(HOW TO COMPLETE THIS TASK)
When writing out the listing below, reproduce every word exactly and skip the pictures.

(COLLECTED DATA)
● ● ● ●
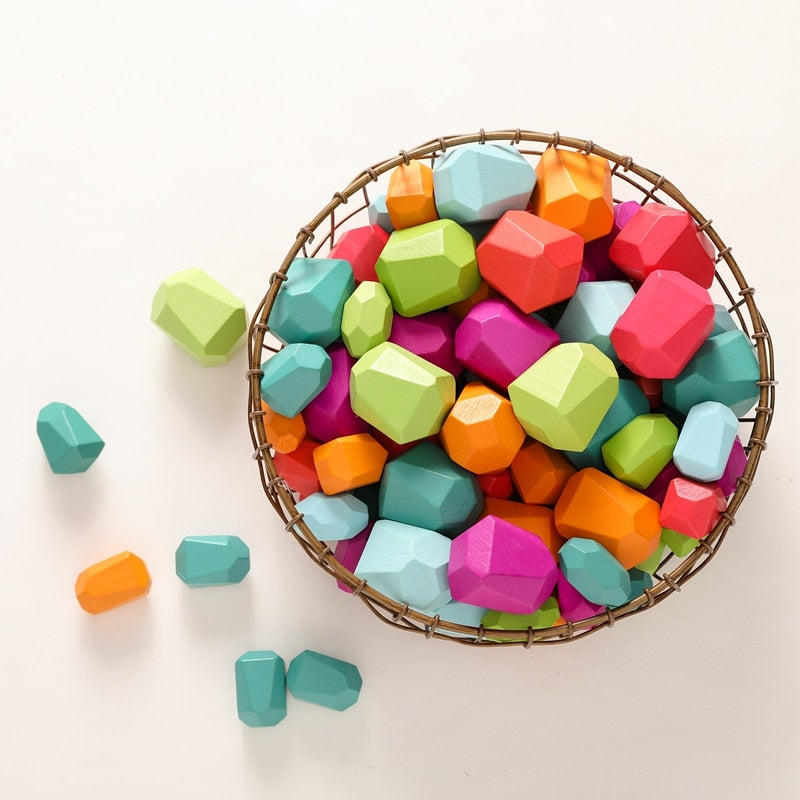 Wooden Rainbow Stones Building Blocks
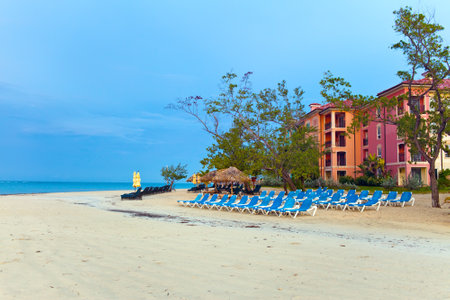 Empty beach early in the morningのeditorial素材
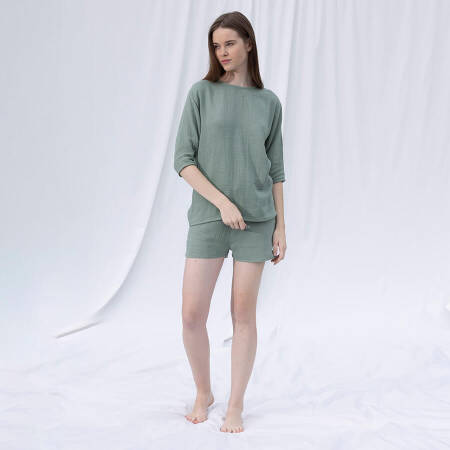 %100 Müslin Pamuk Şort Çağla L-XL - Serli Keçoğlu Koleksiyonu - 4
● ● ● ●
(OUTPUT OF THE TASK)
 Wooden Rainbow Stones Building Blocks
 Empty beach early in the morningのeditorial素材
 %100 Müslin Pamuk Şort Çağla L-XL - Serli Keçoğlu Koleksiyonu - 4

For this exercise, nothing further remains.